* **Provided data**:
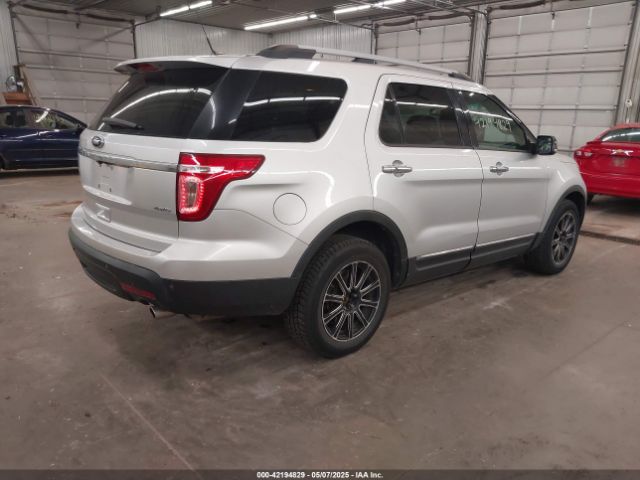 1FM5K8D8XEGA15680 Ford EXPLORER XLT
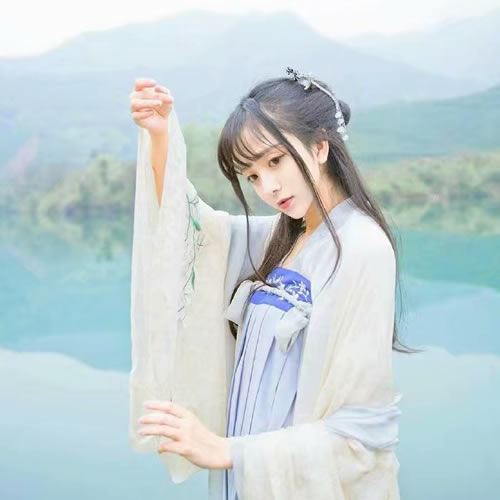 古风头像女可爱图片
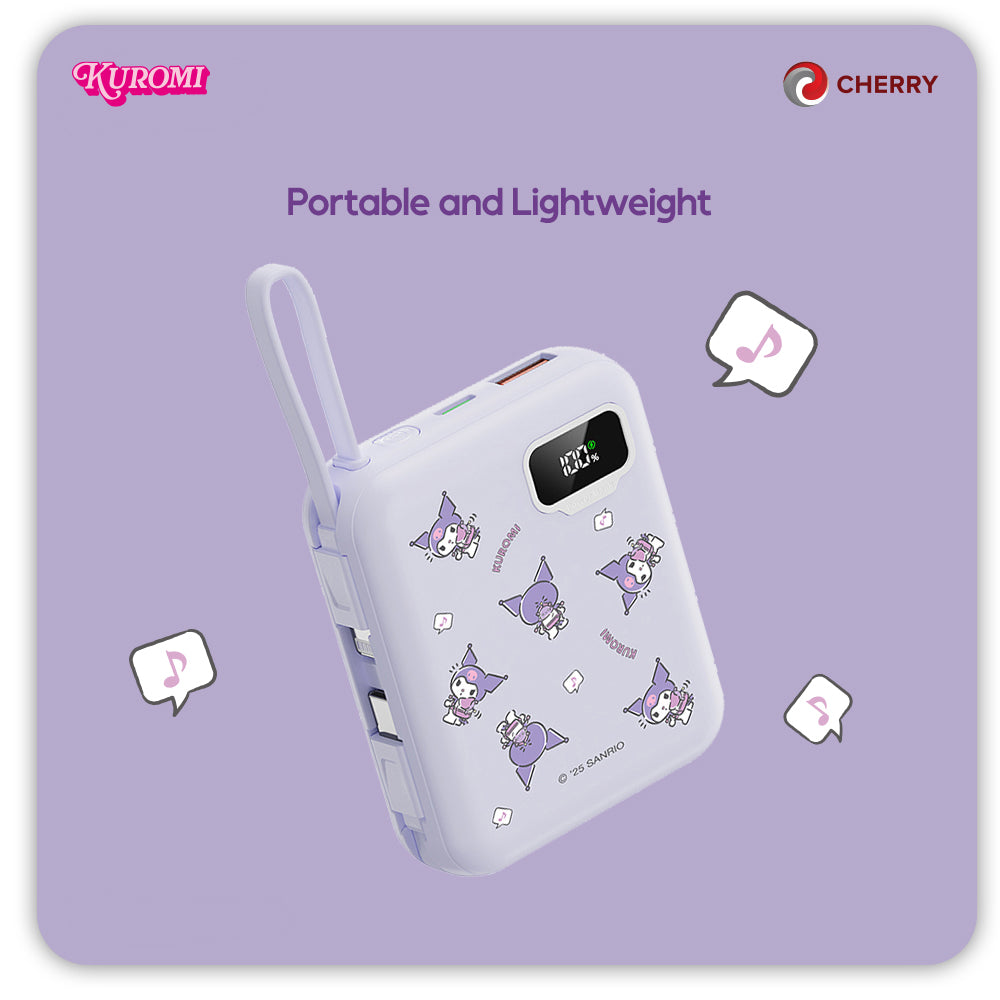 Sanrio Characters and CHERRY Powerbank 10,000mAh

* **What is being asked**: Here the job is to print all the data exactly, skipping any image.

* **Answer to this exercise**:
 1FM5K8D8XEGA15680 Ford EXPLORER XLT
 古风头像女可爱图片
 Sanrio Characters and CHERRY Powerbank 10,000mAh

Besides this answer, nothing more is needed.